По-видимому, между этим рассказом очевидца и официальными документами существует непримиримое противоречие. Но в сущности, как справедливо замечает Соловьев, это противоречие только кажущееся. Дело в том, что при сличении обоих дипломов мы замечаем между ними некоторое разногласие: по латинскому диплому императора Иосифа отец Меншикова был начальником гвардейского полка; в русском же упоминается лишь то, что отец служил в гвардии царя, причем один из служилых иноземцев, генерал Гордон, источник, вполне заслуживающий доверия, поясняет нам даже, в каком именно чине: по его словам, отец Меншикова был простым капралом. Без сомнения, диплом, выданный царем своему любимцу, заслуживает большего доверия, чем иностранный, и если в нем ничего не говорится о высоком звании отца новоиспеченного князя, то последнее, очевидно, следует приписать лишь любезности венского двора, желавшего задобрить влиятельного человека. Таким образом, из всех свидетельств, благоприятных Меншикову, приходится считаться лишь с русским дипломом, по которому отец князя был “из фамилии благородной литовской и, ради верных его услуг в гвардии, сын его был принят ко двору”. А этот источник, как мы уже сказали, ничуть не противоречит общераспространенному преданию о низком происхождении Меншикова, о том, что отец его был одно время придворным конюхом.
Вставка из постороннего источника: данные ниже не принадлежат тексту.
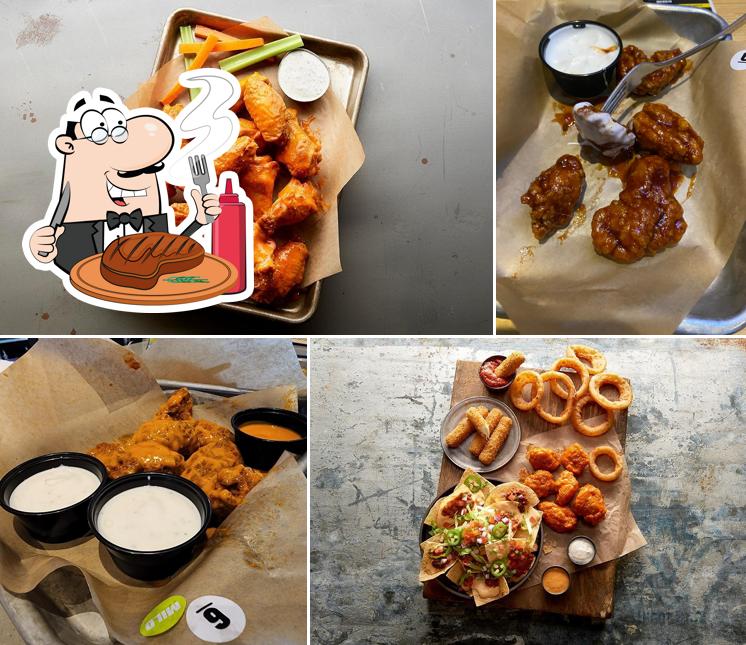 Buffalo Wild Wings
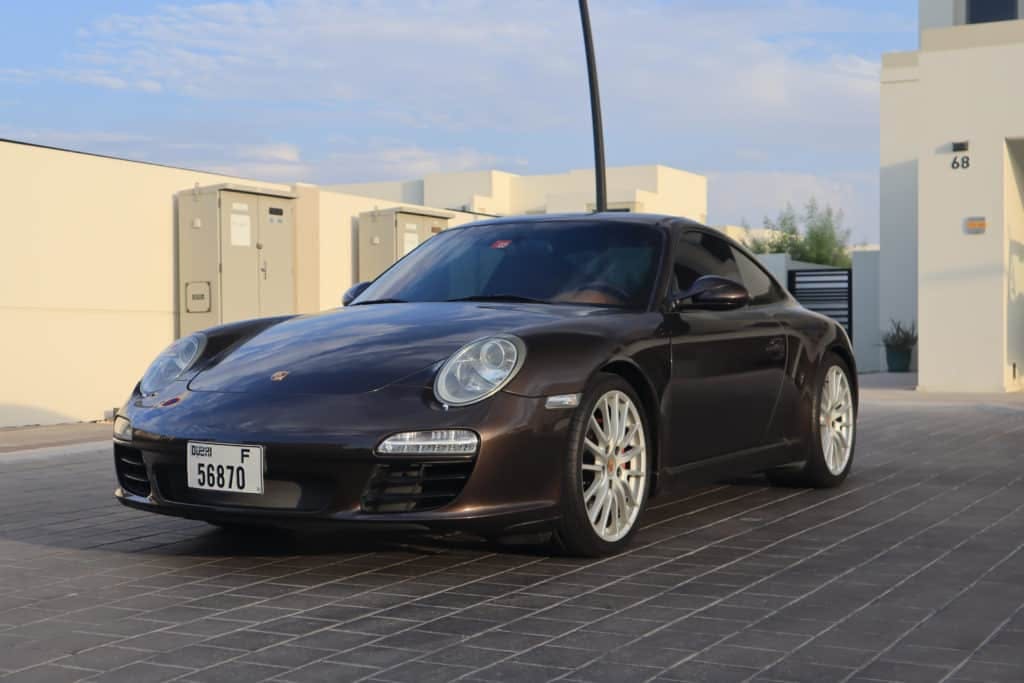 main_image of Porsche 911 997.2 C2S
Известно, какое значение получили при Петре придворные конюхи; из них преимущественно сформировались потешные полки – Семеновский и Преображенский, впоследствии составившие первые два гвардейских полка в России. Вполне естественно, что бывший придворный конюх, попав в гвардию, дослужился до капрала. Что же касается его принадлежности к “благородной литовской фамилии”, то и тут нет ничего несовместимого с популярным преданием. Со времени царя Алексея в Москве жило много выходцев из Литвы, принужденных бежать с родины вследствие гонений на православие. Одни из них поступали на службу при дворце, другие занимались мелкими промыслами. Известно, что в эпоху революции многие, даже знатнейшие французские эмигранты должны были зарабатывать себе хлеб каким-нибудь ремеслом. Что ж мудреного, что какой-нибудь выходец из мелкой литовской шляхты, представители которой в настоящее время встречаются и на самых низших общественных ступенях, поступил в придворные конюхи, а сына отдал в учение к пирожнику. К тому же в то время почти все мелкие служилые люди занимались какими-нибудь промыслами.